I have loved you with an everlasting love, he says; therefore with lovingkindness I have drawn you. Notice the order. The love came first. The drawing — every nudge toward God you have ever felt, every desire for him, every return after wandering — was not the cause of his love but its result. He did not begin to love you when you began to seek him. He drew you because he already, always, had.
An everlasting love is one you cannot start by your goodness or stop by your failure, because it does not depend on you at all. It runs from everlasting, before you existed, to everlasting, after every other thing has passed away.

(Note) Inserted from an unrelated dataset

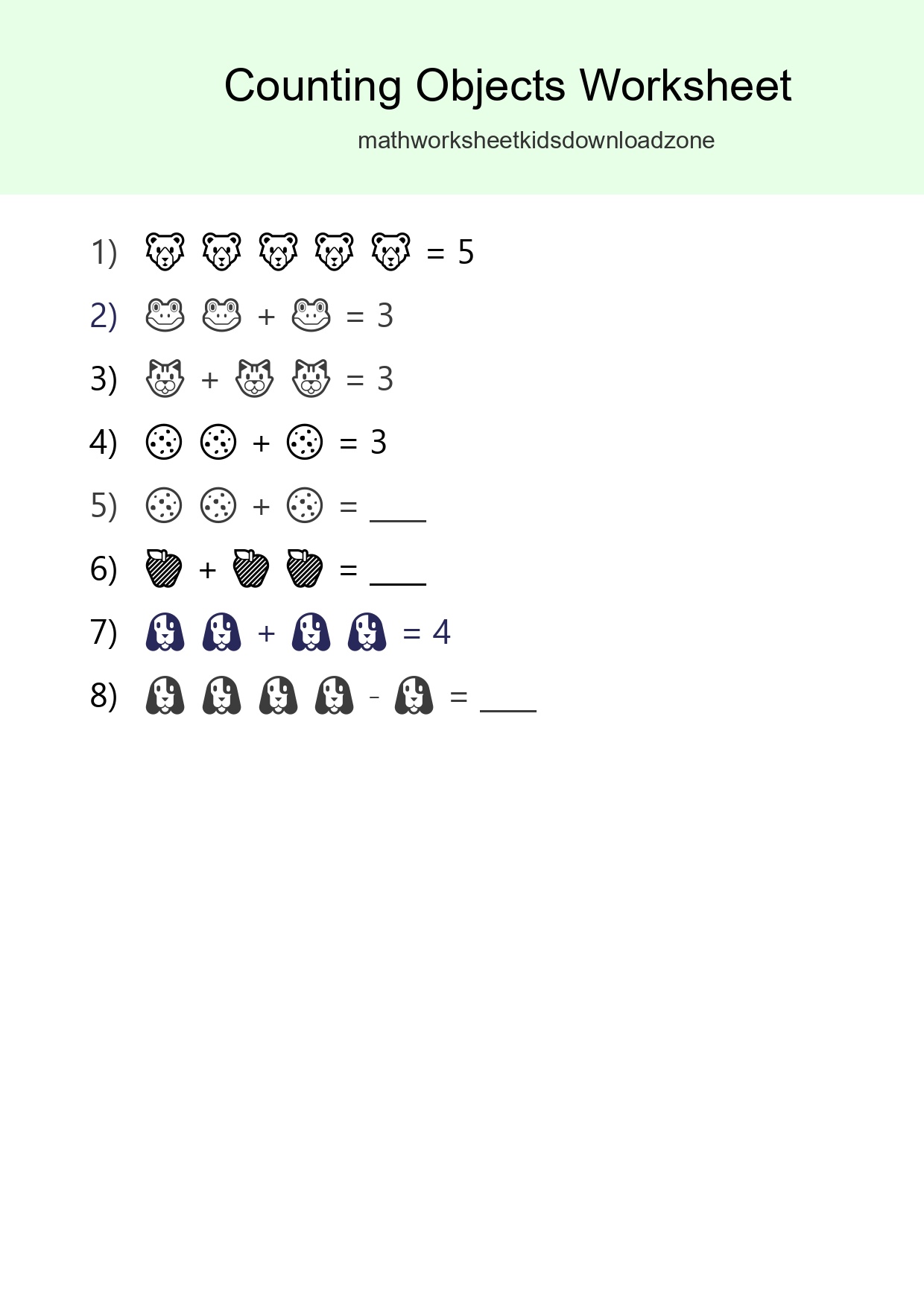 Free Counting Objects Worksheet For Pre-K Printable - Part 157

“Yes, I have loved you with an everlasting love; therefore with lovingkindness I have drawn you.”
— The LORD, through Jeremiah — Jeremiah 31:3 (WEB)
Rest in a love that began before you existed and cannot be switched off by your failure — it is everlasting, and aimed at you.
“It is because of the LORD's loving kindnesses that we are not consumed, because his compassion doesn't fail. They are new every morning; great is your faithfulness.”
We believe God's love rises and falls with our performance, so we feel beloved on our good days and rejected on our bad ones. The interior work is to relocate the source of his love from your behavior to his nature — to grasp that an everlasting love neither began with your goodness nor ends with your failure — and to let that steady, unearned love hold you on the days you feel least lovable.
On a day you fail or feel distant this week, deliberately preach the everlasting love to yourself: God's love for me did not start today and will not stop today. Receive his mercy as new this morning, not earned by yesterday.
The flesh keeps tying God's love to your performance, so every failure feels like withdrawal and every good day like a bribe that buys it back. But an everlasting love began before you existed and will not switch off when you stumble — a love that never depended on you cannot be threatened by you.
We instinctively believe God's love for us rises and falls with our performance — warmer on the days we pray well and resist temptation, cooler on the days we fail. It is one of the deepest and most persistent lies about him. An everlasting love did not switch on when you got serious about God, and it will not switch off when you stumble tomorrow.
The drawing you feel toward him today is itself the evidence: you are being loved, right now, by a love that was loving you before the foundation of the world. You did not earn your way into it and you cannot fail your way out of it. It is, quite simply, everlasting — and it is aimed at you.
- Do I believe God's love for me rises and falls with my performance?
- Where am I trying to earn a love that is already everlasting?
- What would change if I knew I could not fail my way out of his love?
Lord, you have loved me with an everlasting love, before I was and after all else passes away. Steady my heart in a love I cannot earn or lose. Amen.